* [PATCH] drm/xe/xe_guc: Expand guc_g2g_alloc error hanlding for future change
@ 2025-10-15 15:10 Jonathan Cavitt
2025-10-15 15:34 ` Matt Roper
0 siblings, 1 reply; 3+ messages in thread
From: Jonathan Cavitt @ 2025-10-15 15:10 UTC (permalink / raw)
To: intel-xe
Cc: saurabhg.gupta, alex.zuo, jonathan.cavitt, michal.wajdeczko,
matthew.d.roper
On today's driver, xe_device_get_gt(xe, 0); can never return NULL.
Hardware-wise there's always at least one tile, and every tilie has a
primary GT. If something went wrong during init of tile or GT and we
couldn't create/initialize the structures, then we already aborted the
device probe immediately and we'll never get further on to places in the
code that would be chasing a NULL pointer.
However, there's currently ongoing work to allow the primary GT to be
disabled via configfs for debugging purposes. Once that lands, it will
be possible for this query to return a NULL pointer. Expand the error
handling code for guc_g2g_alloc to manage this in the future.
Suggested-by: Michal Wajdeczko <michal.wajdeczko@intel.com>
Suggested-by: Matt Roper <matthew.d.roper@intel.com>
Signed-off-by: Jonathan Cavitt <jonathan.cavitt@intel.com>
---
drivers/gpu/drm/xe/xe_guc.c | 6 +++++-
1 file changed, 5 insertions(+), 1 deletion(-)

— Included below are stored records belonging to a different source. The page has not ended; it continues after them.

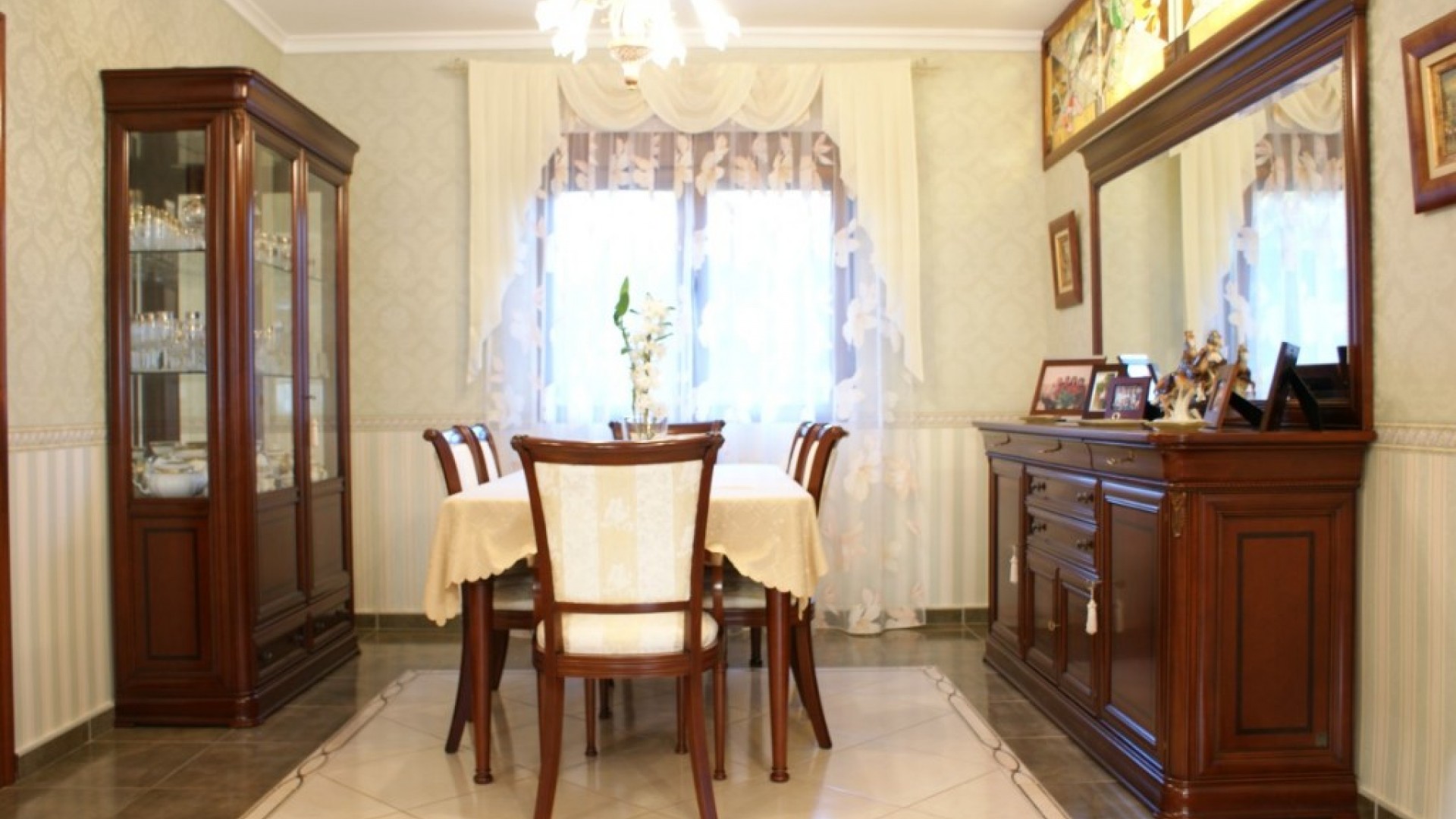 Resale - Freistehende Villa -
Ciudad Quesada - Rojales - Ciudad Quesada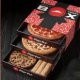 Pizza Hut Box Deals Canada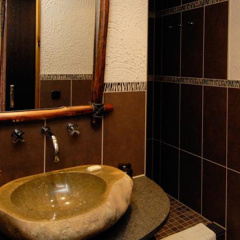 Hotel Matamba, Phantasialand Erlebnishotel - Bild 8
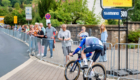 Lidl Deutschland Tour 2026 - Prolog in Bad Orb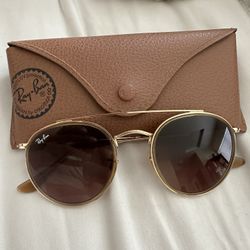 Sunglasses Ray Ban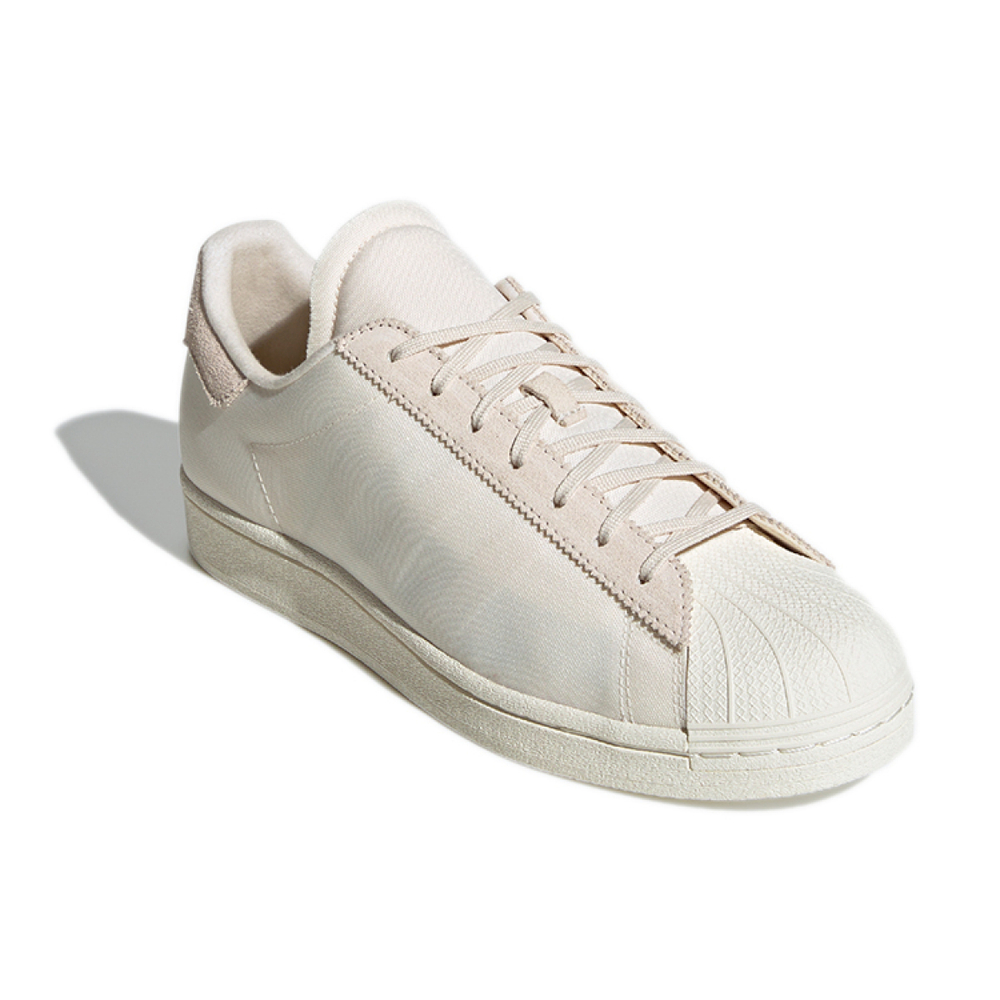 Adidas originals SUPERSTAR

diff --git a/drivers/gpu/drm/xe/xe_guc.c b/drivers/gpu/drm/xe/xe_guc.c
index d94490979adc..fbe66722e852 100644
--- a/drivers/gpu/drm/xe/xe_guc.c
+++ b/drivers/gpu/drm/xe/xe_guc.c
@@ -467,9 +467,13 @@ static int guc_g2g_alloc(struct xe_guc *guc)
if (gt->info.id != 0) {
struct xe_gt *root_gt = xe_device_get_gt(xe, 0);
- struct xe_guc *root_guc = &root_gt->uc.guc;
+ struct xe_guc *root_guc;
struct xe_bo *bo;
+ if (!root_gt)
+ return -ENODEV;
+
+ root_guc = &root_gt->uc.guc;
bo = xe_bo_get(root_guc->g2g.bo);
if (!bo)
return -ENODEV;
--
2.43.0
^ permalink raw reply related [flat|nested] 3+ messages in thread* Re: [PATCH] drm/xe/xe_guc: Expand guc_g2g_alloc error hanlding for future change
2025-10-15 15:10 [PATCH] drm/xe/xe_guc: Expand guc_g2g_alloc error hanlding for future change Jonathan Cavitt
@ 2025-10-15 15:34 ` Matt Roper
2025-10-15 16:07 ` Daniele Ceraolo Spurio
0 siblings, 1 reply; 3+ messages in thread
From: Matt Roper @ 2025-10-15 15:34 UTC (permalink / raw)
To: Jonathan Cavitt; +Cc: intel-xe, saurabhg.gupta, alex.zuo, michal.wajdeczko
On Wed, Oct 15, 2025 at 03:10:54PM +0000, Jonathan Cavitt wrote:
> On today's driver, xe_device_get_gt(xe, 0); can never return NULL.
> Hardware-wise there's always at least one tile, and every tilie has a
> primary GT. If something went wrong during init of tile or GT and we
> couldn't create/initialize the structures, then we already aborted the
> device probe immediately and we'll never get further on to places in the
> code that would be chasing a NULL pointer.
>
> However, there's currently ongoing work to allow the primary GT to be
> disabled via configfs for debugging purposes. Once that lands, it will
> be possible for this query to return a NULL pointer. Expand the error
> handling code for guc_g2g_alloc to manage this in the future.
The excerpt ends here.